THE TASK: After locating the line that contains "Настольная лампа с" in the records below, write out exactly that line and each line after it through the one that contains "Candle Making Kits", and nothing else.

EXCERPTED RECORDS:
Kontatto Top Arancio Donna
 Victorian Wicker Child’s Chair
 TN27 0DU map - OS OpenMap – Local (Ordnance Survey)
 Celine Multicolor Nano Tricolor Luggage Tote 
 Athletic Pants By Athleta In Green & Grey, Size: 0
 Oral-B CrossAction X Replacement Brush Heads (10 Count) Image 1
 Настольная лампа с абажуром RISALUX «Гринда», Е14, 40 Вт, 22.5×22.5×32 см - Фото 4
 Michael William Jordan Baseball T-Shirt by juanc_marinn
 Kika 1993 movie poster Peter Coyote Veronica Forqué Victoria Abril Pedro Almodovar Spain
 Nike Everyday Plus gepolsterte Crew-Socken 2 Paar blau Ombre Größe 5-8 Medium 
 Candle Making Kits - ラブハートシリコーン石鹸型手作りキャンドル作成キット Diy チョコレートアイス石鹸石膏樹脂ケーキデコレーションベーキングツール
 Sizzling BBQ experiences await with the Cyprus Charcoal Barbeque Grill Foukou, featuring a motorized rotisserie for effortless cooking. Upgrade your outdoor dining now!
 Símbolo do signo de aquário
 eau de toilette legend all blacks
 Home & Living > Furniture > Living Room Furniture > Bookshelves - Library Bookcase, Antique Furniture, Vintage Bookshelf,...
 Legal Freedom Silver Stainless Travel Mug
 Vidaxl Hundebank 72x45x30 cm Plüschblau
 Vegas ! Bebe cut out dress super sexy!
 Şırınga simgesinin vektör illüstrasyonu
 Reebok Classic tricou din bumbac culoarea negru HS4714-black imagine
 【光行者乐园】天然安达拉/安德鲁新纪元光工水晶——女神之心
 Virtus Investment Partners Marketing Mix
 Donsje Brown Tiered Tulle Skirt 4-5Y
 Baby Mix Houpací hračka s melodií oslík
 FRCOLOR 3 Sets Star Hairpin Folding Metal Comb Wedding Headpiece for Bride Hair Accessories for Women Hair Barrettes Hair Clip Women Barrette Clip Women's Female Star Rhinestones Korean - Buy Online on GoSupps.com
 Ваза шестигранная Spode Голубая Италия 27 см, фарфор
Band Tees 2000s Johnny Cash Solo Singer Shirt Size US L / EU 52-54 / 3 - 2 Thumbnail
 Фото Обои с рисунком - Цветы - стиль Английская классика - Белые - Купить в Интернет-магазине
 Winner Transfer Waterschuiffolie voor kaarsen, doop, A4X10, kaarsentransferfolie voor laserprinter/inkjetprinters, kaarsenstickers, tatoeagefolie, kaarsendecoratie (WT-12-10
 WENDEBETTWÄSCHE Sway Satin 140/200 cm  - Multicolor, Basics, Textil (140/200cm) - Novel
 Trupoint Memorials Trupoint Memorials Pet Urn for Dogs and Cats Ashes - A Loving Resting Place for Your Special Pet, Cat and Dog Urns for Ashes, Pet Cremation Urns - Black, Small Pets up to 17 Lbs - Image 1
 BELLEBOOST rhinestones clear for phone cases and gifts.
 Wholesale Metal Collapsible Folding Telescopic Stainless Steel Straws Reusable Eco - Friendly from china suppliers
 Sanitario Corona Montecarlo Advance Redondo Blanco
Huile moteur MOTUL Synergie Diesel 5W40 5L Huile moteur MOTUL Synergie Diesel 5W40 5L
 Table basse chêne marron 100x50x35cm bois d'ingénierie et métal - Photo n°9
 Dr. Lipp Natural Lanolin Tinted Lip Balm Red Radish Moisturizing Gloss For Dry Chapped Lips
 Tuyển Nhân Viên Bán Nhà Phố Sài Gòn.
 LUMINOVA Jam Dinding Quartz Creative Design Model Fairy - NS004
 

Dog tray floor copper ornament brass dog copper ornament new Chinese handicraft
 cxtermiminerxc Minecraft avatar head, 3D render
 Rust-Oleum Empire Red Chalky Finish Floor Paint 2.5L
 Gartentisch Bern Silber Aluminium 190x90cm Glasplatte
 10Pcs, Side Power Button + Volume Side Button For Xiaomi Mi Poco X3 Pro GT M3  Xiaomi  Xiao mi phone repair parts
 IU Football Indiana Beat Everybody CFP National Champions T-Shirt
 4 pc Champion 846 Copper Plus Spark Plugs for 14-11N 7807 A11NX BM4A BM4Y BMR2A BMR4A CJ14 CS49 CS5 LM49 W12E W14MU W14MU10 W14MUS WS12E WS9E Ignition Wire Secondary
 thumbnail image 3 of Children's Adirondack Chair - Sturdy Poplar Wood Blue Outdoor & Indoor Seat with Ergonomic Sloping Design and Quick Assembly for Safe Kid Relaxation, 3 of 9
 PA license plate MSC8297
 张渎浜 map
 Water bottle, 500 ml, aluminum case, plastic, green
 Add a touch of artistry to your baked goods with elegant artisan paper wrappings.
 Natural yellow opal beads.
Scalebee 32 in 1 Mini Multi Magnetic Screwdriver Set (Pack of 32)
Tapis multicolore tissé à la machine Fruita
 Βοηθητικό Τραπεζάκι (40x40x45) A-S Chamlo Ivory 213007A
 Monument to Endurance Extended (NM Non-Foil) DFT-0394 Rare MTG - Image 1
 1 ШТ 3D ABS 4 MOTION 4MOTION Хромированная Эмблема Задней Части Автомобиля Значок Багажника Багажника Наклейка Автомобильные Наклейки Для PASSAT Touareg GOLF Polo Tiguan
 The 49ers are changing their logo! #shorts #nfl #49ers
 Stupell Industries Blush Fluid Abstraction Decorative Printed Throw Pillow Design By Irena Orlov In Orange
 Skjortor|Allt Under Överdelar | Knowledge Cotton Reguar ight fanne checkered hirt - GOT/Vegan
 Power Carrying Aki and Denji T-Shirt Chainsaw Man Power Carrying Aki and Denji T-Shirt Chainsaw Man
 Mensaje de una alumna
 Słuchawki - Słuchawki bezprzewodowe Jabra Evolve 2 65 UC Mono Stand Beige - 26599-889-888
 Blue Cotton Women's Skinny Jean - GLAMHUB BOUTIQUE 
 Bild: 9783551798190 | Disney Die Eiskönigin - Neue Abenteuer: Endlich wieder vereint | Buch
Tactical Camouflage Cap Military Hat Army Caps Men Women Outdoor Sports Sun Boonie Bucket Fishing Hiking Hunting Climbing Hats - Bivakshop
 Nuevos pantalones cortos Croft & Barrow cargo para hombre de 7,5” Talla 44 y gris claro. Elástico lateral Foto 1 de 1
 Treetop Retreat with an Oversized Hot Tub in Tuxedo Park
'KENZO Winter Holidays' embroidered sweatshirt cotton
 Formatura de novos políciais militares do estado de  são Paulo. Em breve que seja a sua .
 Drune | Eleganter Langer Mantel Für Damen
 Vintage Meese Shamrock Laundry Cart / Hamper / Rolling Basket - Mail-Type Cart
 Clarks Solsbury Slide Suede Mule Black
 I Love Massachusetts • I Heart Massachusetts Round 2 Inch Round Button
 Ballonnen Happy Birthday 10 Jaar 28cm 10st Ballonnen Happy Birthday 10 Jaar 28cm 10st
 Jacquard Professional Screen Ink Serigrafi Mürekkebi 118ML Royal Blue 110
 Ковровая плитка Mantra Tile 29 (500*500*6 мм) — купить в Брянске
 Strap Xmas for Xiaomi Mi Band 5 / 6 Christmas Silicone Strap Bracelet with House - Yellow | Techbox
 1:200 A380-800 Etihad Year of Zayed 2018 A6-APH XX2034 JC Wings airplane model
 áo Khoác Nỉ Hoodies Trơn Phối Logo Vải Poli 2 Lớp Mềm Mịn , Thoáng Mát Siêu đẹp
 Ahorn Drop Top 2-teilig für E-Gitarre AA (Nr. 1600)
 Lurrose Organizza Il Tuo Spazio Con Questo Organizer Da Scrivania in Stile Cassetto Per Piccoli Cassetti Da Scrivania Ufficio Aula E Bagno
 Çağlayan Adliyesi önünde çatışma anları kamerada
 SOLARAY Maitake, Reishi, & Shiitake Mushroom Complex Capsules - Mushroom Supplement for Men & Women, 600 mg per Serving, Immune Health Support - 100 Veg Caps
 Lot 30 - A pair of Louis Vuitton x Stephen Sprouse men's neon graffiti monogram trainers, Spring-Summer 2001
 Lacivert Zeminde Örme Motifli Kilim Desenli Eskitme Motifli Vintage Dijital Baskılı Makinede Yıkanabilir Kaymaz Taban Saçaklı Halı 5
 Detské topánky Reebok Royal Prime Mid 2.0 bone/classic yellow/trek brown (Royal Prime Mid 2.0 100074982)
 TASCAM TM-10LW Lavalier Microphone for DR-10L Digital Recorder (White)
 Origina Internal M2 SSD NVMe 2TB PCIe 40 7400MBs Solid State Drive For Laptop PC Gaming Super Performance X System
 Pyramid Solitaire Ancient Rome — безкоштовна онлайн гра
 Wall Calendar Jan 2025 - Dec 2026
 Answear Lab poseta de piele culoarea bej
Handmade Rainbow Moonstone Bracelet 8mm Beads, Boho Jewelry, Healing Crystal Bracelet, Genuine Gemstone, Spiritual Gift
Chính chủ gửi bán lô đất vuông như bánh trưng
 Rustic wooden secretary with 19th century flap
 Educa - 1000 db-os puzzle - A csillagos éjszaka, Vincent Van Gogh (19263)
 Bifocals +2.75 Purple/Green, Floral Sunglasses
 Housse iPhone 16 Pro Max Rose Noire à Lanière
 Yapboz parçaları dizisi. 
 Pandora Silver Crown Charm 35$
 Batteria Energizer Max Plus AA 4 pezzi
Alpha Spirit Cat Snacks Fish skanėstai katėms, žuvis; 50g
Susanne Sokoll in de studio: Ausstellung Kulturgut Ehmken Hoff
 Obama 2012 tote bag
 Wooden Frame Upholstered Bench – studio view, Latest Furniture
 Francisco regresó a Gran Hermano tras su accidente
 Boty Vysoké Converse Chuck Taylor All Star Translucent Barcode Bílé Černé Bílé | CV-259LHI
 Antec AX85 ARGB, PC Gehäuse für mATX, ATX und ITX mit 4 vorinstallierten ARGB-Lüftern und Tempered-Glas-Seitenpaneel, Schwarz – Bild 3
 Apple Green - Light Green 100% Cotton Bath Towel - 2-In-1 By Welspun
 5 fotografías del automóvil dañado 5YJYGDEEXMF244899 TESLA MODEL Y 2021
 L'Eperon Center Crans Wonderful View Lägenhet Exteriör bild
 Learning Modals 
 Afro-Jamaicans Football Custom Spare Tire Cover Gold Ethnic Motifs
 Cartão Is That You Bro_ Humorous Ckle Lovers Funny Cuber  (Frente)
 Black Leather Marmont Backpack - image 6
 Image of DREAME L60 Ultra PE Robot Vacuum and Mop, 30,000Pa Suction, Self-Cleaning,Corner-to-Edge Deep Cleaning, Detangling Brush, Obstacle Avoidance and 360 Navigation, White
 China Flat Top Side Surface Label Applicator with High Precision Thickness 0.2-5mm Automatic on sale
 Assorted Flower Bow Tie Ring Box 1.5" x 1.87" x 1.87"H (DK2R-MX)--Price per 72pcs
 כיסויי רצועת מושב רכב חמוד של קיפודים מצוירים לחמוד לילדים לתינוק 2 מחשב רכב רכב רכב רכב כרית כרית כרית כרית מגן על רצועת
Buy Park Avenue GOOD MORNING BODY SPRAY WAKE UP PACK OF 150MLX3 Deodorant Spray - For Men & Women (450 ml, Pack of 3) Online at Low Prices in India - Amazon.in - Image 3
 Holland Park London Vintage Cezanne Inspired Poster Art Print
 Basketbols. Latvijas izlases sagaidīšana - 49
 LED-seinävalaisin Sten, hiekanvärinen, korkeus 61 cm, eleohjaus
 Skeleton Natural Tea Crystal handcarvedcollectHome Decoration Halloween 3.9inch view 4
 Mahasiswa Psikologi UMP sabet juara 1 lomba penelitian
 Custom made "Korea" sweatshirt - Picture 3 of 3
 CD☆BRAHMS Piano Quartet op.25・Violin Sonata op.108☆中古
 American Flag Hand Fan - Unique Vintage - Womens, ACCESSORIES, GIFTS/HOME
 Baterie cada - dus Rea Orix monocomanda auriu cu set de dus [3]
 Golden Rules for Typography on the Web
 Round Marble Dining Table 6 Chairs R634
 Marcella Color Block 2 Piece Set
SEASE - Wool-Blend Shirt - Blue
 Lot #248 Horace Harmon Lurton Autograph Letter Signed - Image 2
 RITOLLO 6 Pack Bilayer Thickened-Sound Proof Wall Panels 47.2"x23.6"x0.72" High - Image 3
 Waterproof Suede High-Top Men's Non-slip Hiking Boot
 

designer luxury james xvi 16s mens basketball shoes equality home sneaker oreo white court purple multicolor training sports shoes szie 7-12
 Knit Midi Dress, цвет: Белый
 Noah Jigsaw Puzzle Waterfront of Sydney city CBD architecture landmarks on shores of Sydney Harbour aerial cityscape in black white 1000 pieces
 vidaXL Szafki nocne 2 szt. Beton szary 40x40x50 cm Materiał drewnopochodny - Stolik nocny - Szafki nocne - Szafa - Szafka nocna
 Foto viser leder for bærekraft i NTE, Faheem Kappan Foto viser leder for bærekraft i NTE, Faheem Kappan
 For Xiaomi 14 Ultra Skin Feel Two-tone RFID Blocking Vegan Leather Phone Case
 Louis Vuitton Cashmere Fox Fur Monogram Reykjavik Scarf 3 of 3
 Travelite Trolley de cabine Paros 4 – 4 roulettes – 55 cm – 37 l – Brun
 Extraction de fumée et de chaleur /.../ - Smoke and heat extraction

SOLUTION FOR THIS EXERCISE:
 Настольная лампа с абажуром RISALUX «Гринда», Е14, 40 Вт, 22.5×22.5×32 см - Фото 4
 Michael William Jordan Baseball T-Shirt by juanc_marinn
 Kika 1993 movie poster Peter Coyote Veronica Forqué Victoria Abril Pedro Almodovar Spain
 Nike Everyday Plus gepolsterte Crew-Socken 2 Paar blau Ombre Größe 5-8 Medium 
 Candle Making Kits - ラブハートシリコーン石鹸型手作りキャンドル作成キット Diy チョコレートアイス石鹸石膏樹脂ケーキデコレーションベーキングツール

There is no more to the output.